Dr. Ruth Ogden is a psychologist looking at how we perceive the passage of time.
When we are more engaged with each other, we experience time potentially similarly, we have a synchronicity, and this synchronicity, this feeling of belonging that comes from doing things with the same people that you love at the same time that they're doing them, that enhances our wellbeing.
Linear clock time isn't a universal understanding of time.
In the Northern Hemisphere, particularly in what we would consider to be the West, we have what we call a very monochronic perception on time. So time is linear, activities are performed on schedule, and this is inherently linked to this idea of productivity. I'll do this for this period of time to show that, and then I'll do this to show something else for a period of time. Now, if we look more perhaps to Latin American countries or some areas of the global south, we see a representation of time which is considered to be polychronic. The idea here is that rather than time being strict linear structure, time is considered to be much more cyclical. Events are able to occur simultaneously, and the past, the present, and the future are on a much more equal footing with one another. So we're not just driving forward linearly all the time, we are able to reflect backwards. One thing that we can do to try and counter this obsessive relationship between time use, time experience, and productivity is to look to a much more flexible representation of time in which we don't just value the linear progress of time moving forwards towards an individual goal, but we try and experience our pasts, presents, and futures on a much more equal footing. We allow time to unfold in a much more relaxed and natural manner.
There's a term that I deploy and I coined some time back called chronofeminism. Chronofeminism might be said to be a refusal to think of time as linear, as this imperial magisterial march from the past to the present to the future.

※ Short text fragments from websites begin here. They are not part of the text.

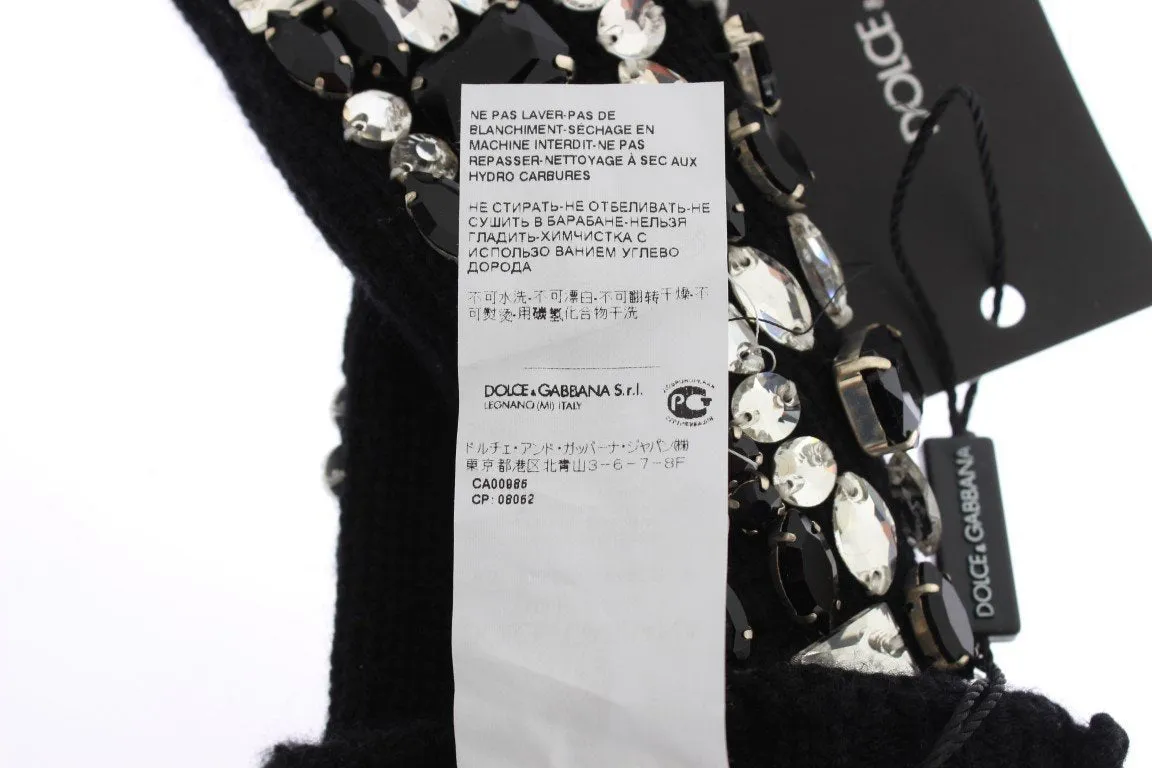 Black Cashmere Crystal Finger Less Gloves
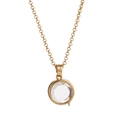 Vintage 18k gold plated round locket necklace with clear faceted crystal pendant - Round Transparent Locket Necklace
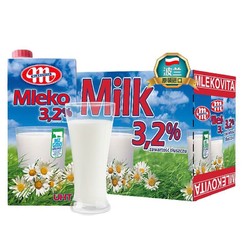 MLEKOVITA 妙可 波兰进口 妙可Mlekovita 全脂牛奶纯牛奶 1L*12盒 整箱装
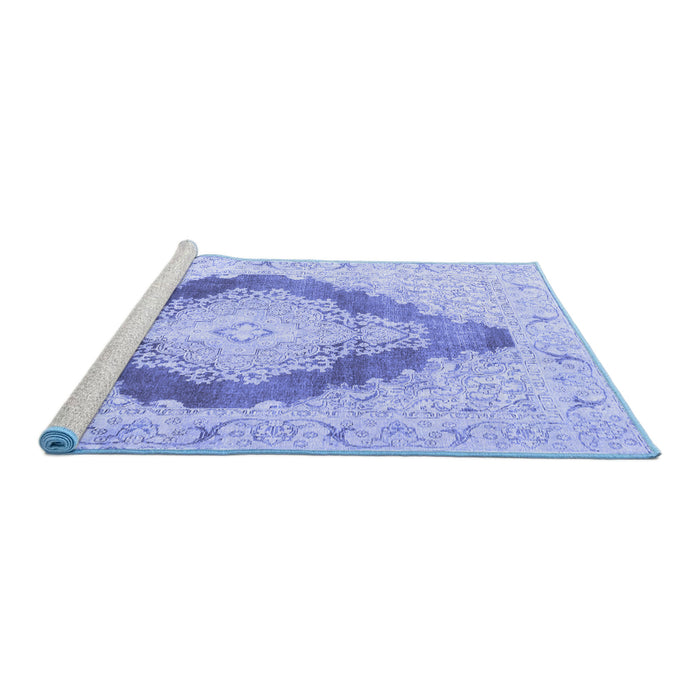 Sideview of Machine Washable Persian Blue Traditional Rug, wshtr3707blu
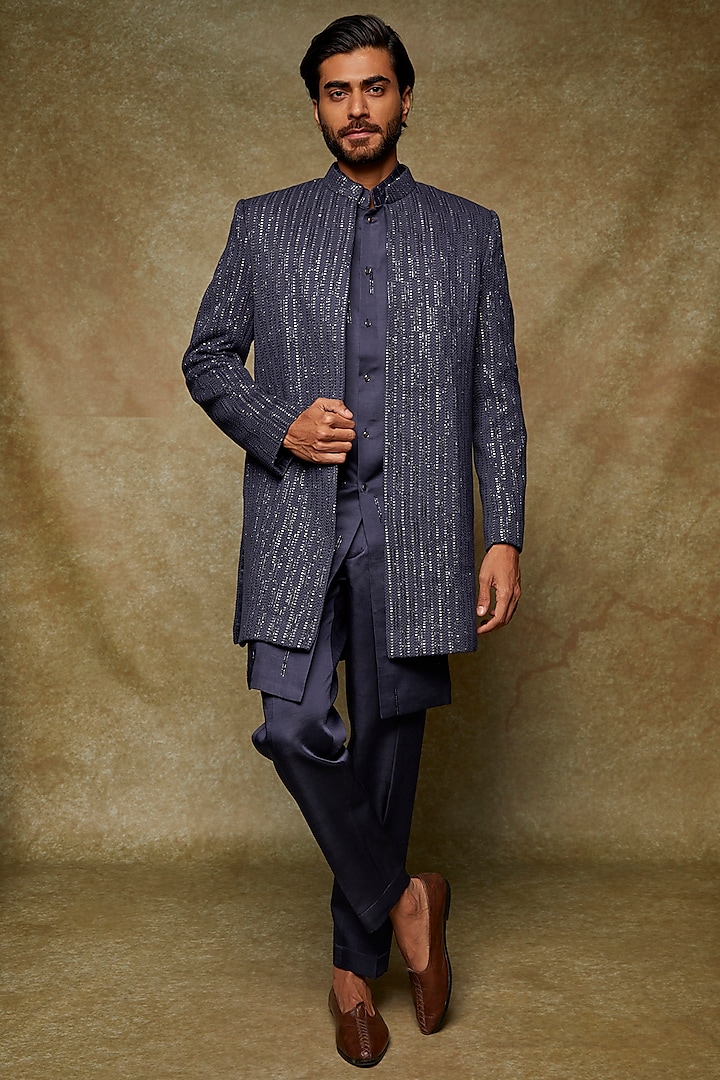 Navy Blue Lucknowi Embroidered Indowestern Jacket Set by Nero by Shaifali & Satya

It supposes or presupposes that time is embodied, and soft, and slushy, not even cyclical. It's not cyclical. It's not linear. It's slushy, and it has puddles.

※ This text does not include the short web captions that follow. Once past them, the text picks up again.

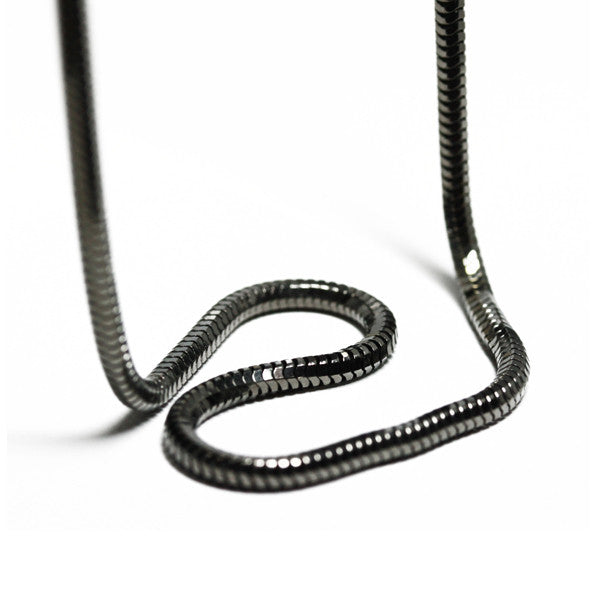 "Slinky" Black Silver Snake Chain Necklace 30 inch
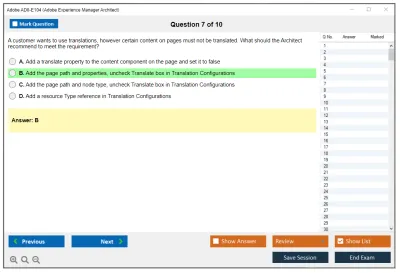 Adobe AD0-E104 Adobe Experience Manager Architect Practice test exam simulator test engine exam Prep practice test questions answers Image 7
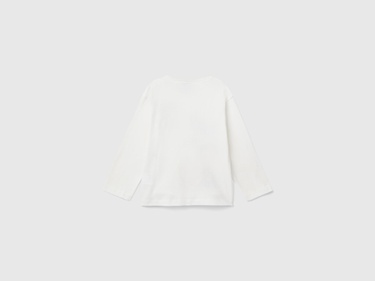  Erkek Çocuk Beyaz Etek Ucu Logo Etiketli Peanuts Baskılı Uzun Kollu T-Shirt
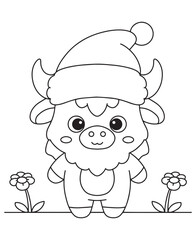 Coloring book cow wearing a Santa Claus outfit, complete with a hat and beard,
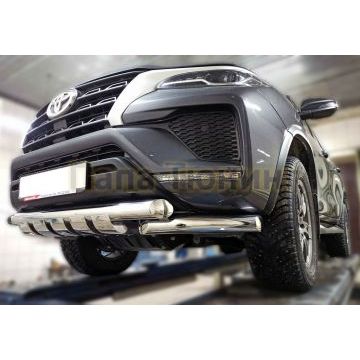 Передняя дуга с защитой (Shark) D 76,1/76,1 ALFeco для Toyota Fortuner 2020-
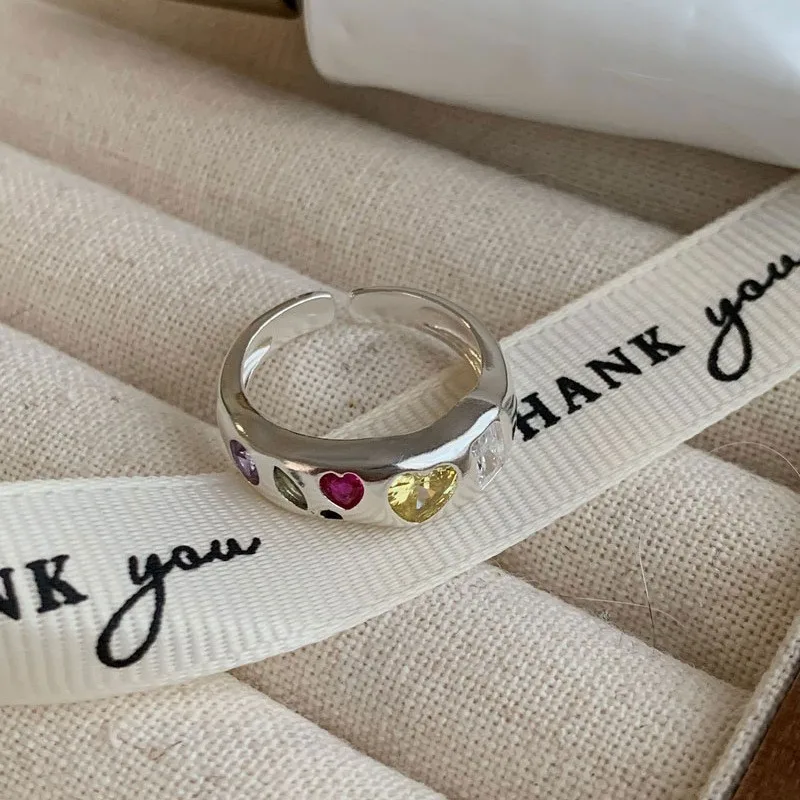 925 Sterling Silber Einfache Bunte Herz Stein Ringe Für Frauen Geometrische Mode Einfache Offene Handgemachte Allergie Party Schmuck Geschenk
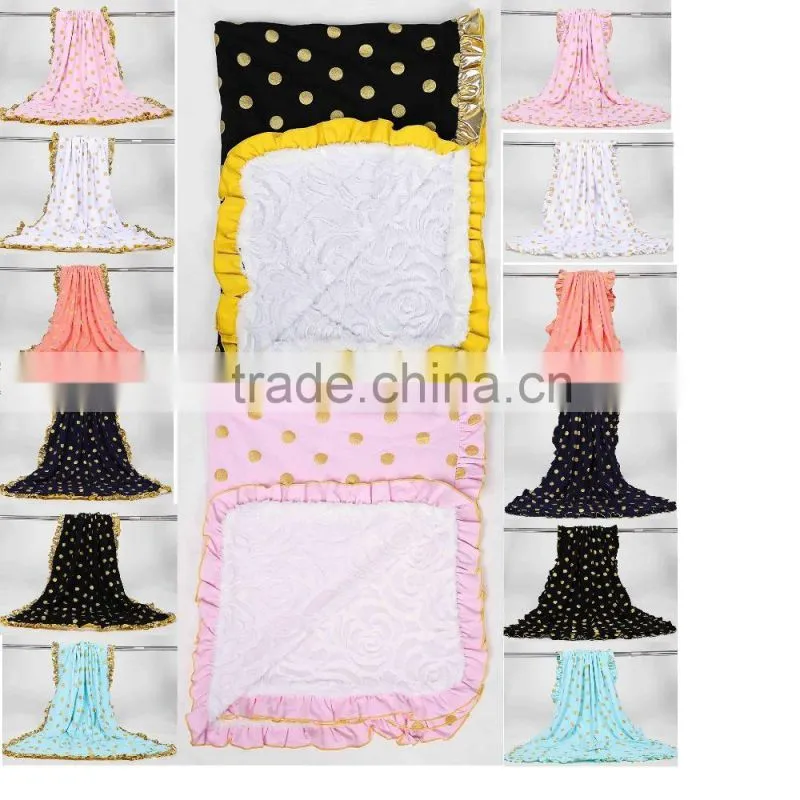 Wholesale Latest cotton blanket china factory deep pink gold polka dot blanket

How can we access different types of temporality, different timescales on a daily basis?
What does it mean to really hear somebody? To really listen to somebody, you have to spend time.
She held the palm of seeds, humming of home. She held the palm of seeds to her ear. Whispering. Listen. Whispering. Listen. Hear them. Seeds, seeds, seeds, seeds. Scatter. Seeds, seeds, seeds, seeds. Scatter.
The work Ah So It Go, Ah No So It Go, Go So! was a sound installation at Cubitt Gallery.
Full of futures. Full of history. A loss. Remembering. Ash, Ash, ash, ash. Remembering. A hold.
The work was really born out of a time of residence on the allotment in Layton, mainly to learn how to grow, especially how to grow here. I grew up here, but what does it mean to feel like I have no roots? So over a period of the year, I took to learning how to grow food. The allotment had a lot of Caribbean growers on it. They would direct me about how to grow by the moon, the wax and the wane of the moon, and how it affects the water levels within the soil, and which days would be the right day to plant a seed. Especially as someone working in sound, rhythms and changes of pace are so interesting. You have things like how long it takes for a seed to germinate. Several days, two weeks. How long before propagation time? How long until harvest? Most people that work full-time or work money jobs to be able to survive at the moment, I don't know how much time we get to really listen.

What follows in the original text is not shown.